-- Problem statement --
Word for word, print each line of the listing below; pictures stay out.

-- Data provided --
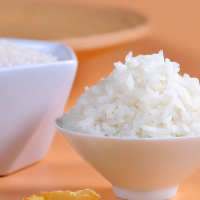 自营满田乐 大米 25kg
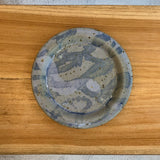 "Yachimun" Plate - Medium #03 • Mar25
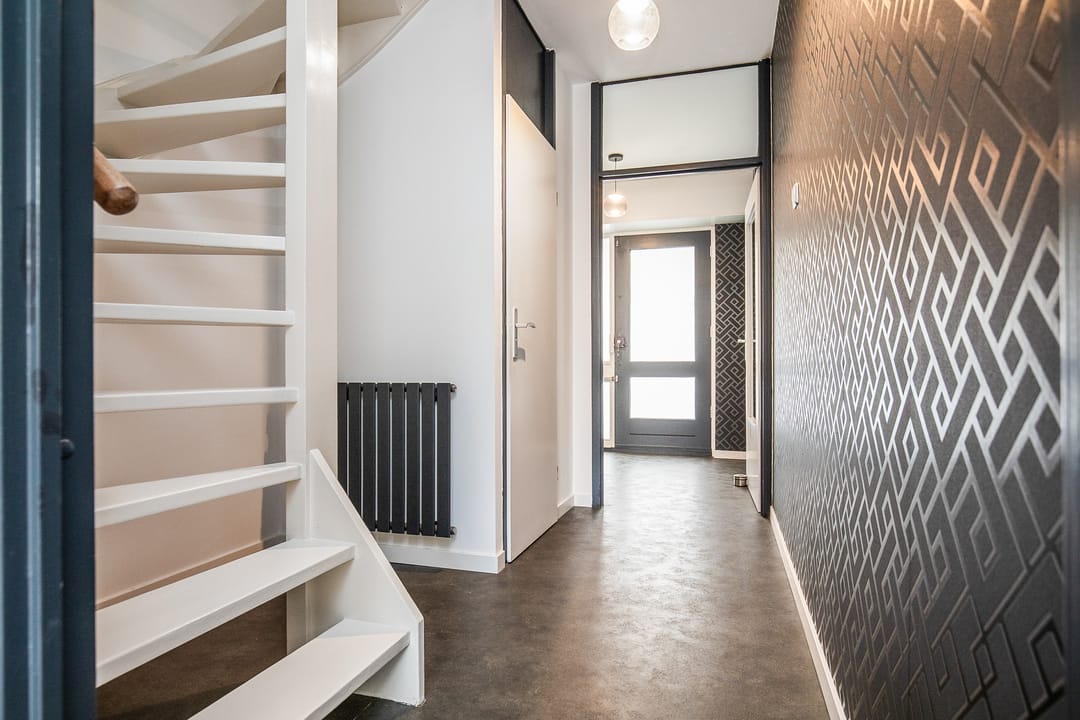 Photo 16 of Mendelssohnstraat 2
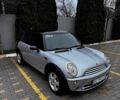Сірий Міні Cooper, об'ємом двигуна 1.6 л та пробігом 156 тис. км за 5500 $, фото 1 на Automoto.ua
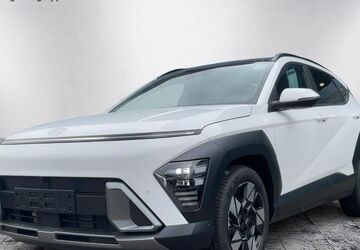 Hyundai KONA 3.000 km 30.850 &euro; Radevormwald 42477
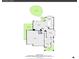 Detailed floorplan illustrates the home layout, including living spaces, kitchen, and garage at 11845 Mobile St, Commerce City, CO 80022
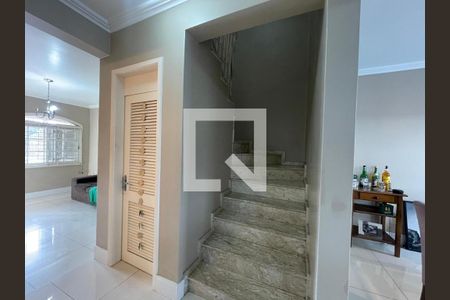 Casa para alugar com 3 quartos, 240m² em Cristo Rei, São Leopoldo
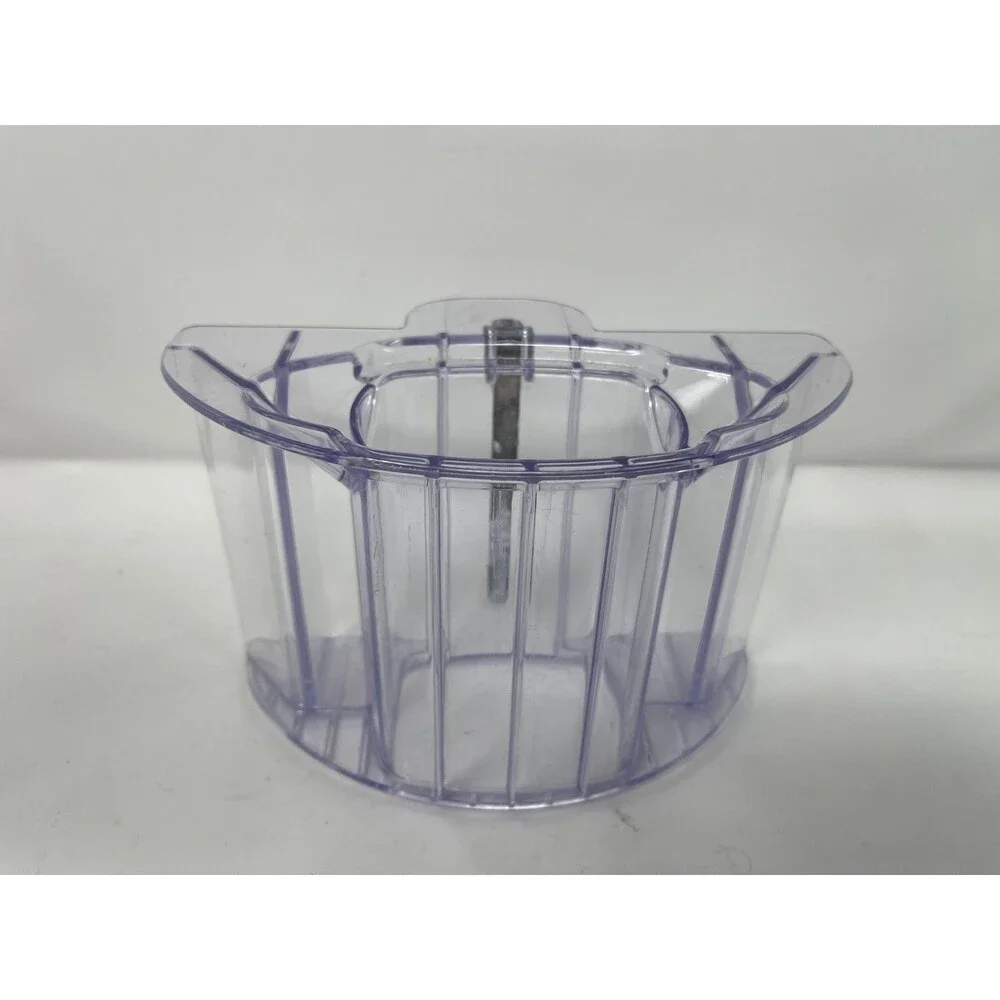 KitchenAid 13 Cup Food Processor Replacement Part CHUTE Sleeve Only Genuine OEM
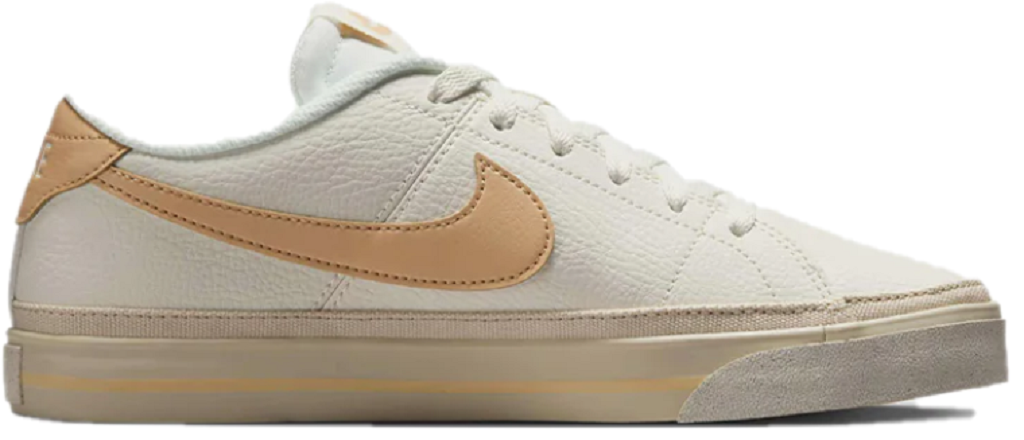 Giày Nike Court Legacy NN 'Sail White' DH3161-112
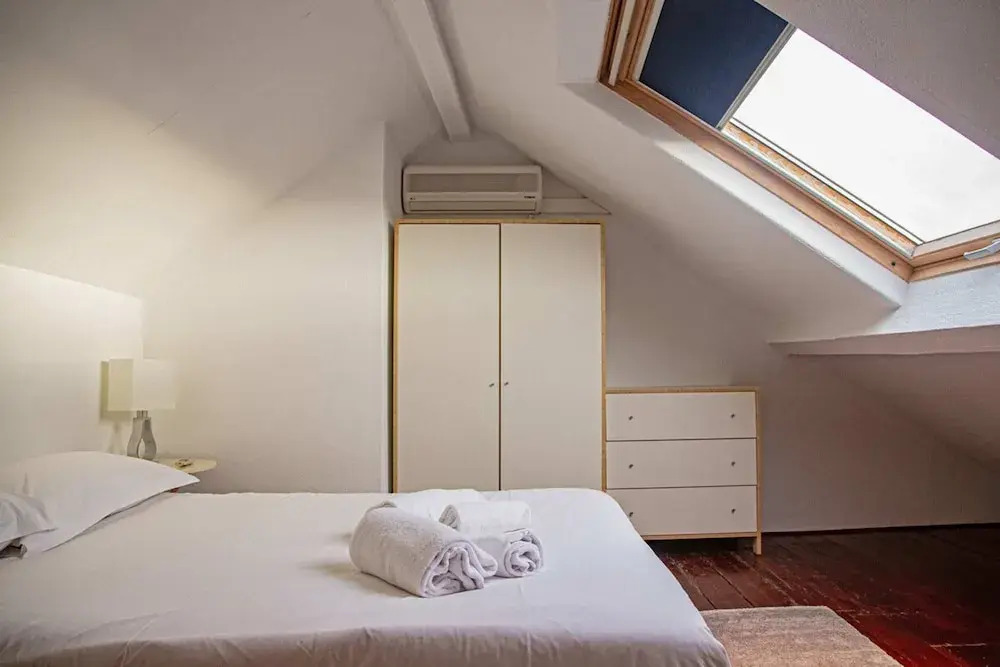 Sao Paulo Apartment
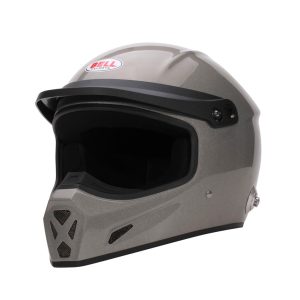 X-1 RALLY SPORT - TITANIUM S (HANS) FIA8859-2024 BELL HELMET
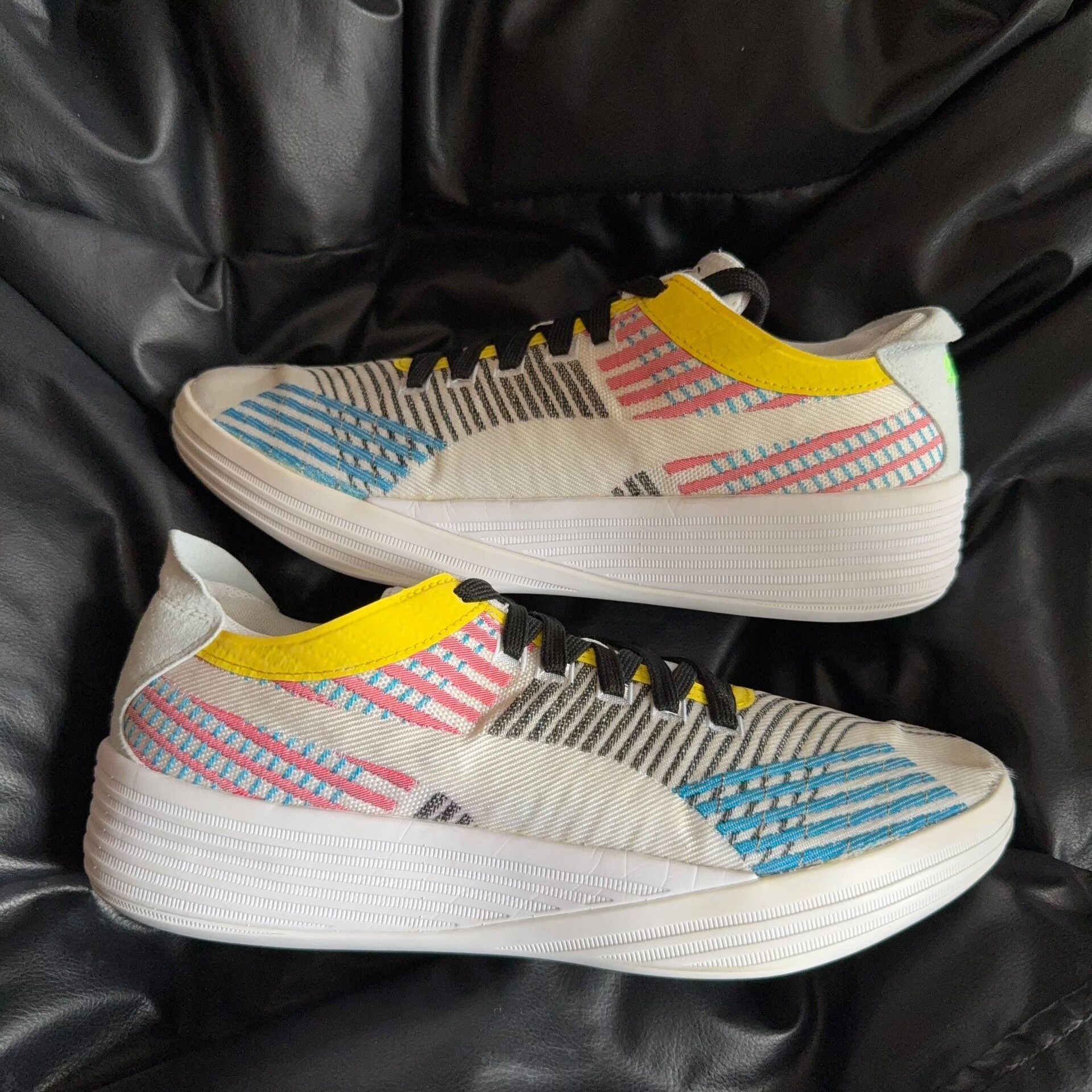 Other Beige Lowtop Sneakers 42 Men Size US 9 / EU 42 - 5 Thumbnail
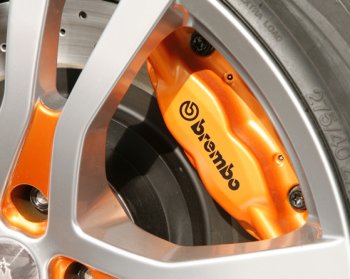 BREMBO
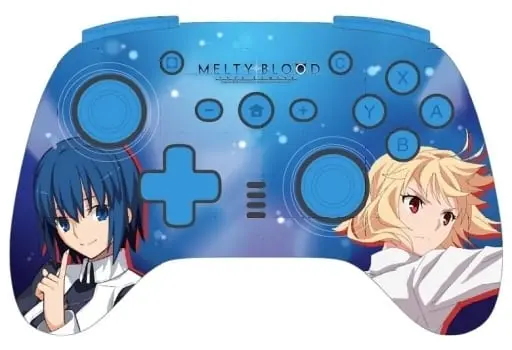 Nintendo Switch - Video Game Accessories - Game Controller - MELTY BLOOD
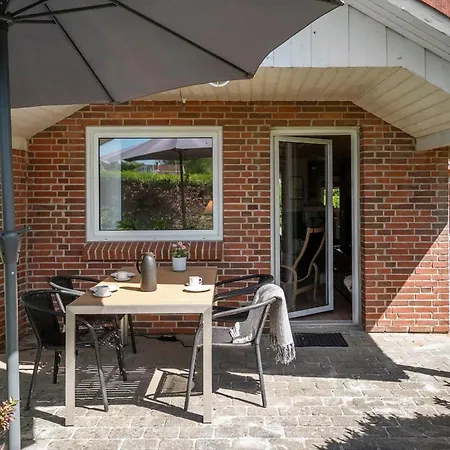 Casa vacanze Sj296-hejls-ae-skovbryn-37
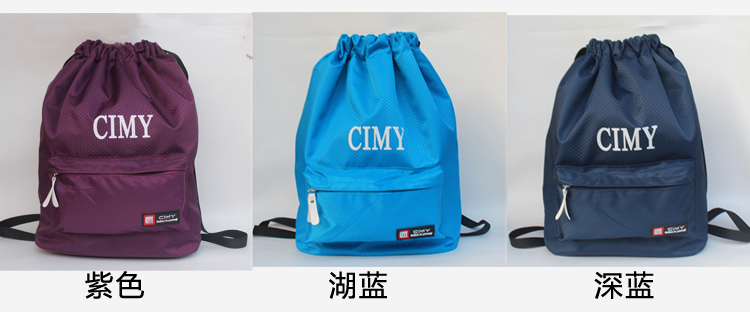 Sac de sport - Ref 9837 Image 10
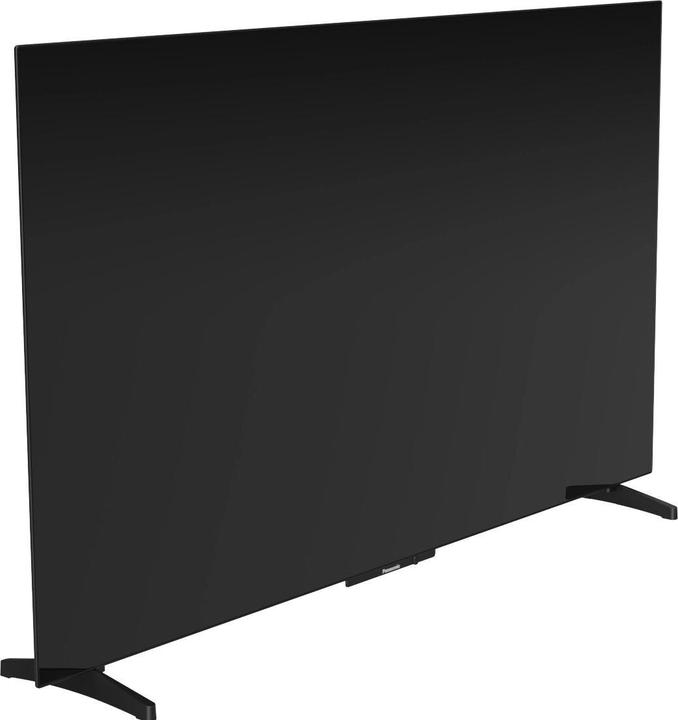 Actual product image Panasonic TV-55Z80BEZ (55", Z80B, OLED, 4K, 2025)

-- Task result --
 自营满田乐 大米 25kg
 "Yachimun" Plate - Medium #03 • Mar25
 Photo 16 of Mendelssohnstraat 2
Сірий Міні Cooper, об'ємом двигуна 1.6 л та пробігом 156 тис. км за 5500 $, фото 1 на Automoto.ua
 Hyundai KONA 3.000 km 30.850 &euro; Radevormwald 42477
 Detailed floorplan illustrates the home layout, including living spaces, kitchen, and garage at 11845 Mobile St, Commerce City, CO 80022
 Casa para alugar com 3 quartos, 240m² em Cristo Rei, São Leopoldo
 KitchenAid 13 Cup Food Processor Replacement Part CHUTE Sleeve Only Genuine OEM
 Giày Nike Court Legacy NN 'Sail White' DH3161-112
 Sao Paulo Apartment
 X-1 RALLY SPORT - TITANIUM S (HANS) FIA8859-2024 BELL HELMET
 Other Beige Lowtop Sneakers 42 Men Size US 9 / EU 42 - 5 Thumbnail
 BREMBO
 Nintendo Switch - Video Game Accessories - Game Controller - MELTY BLOOD
 Casa vacanze Sj296-hejls-ae-skovbryn-37
 Sac de sport - Ref 9837 Image 10
 Actual product image Panasonic TV-55Z80BEZ (55", Z80B, OLED, 4K, 2025)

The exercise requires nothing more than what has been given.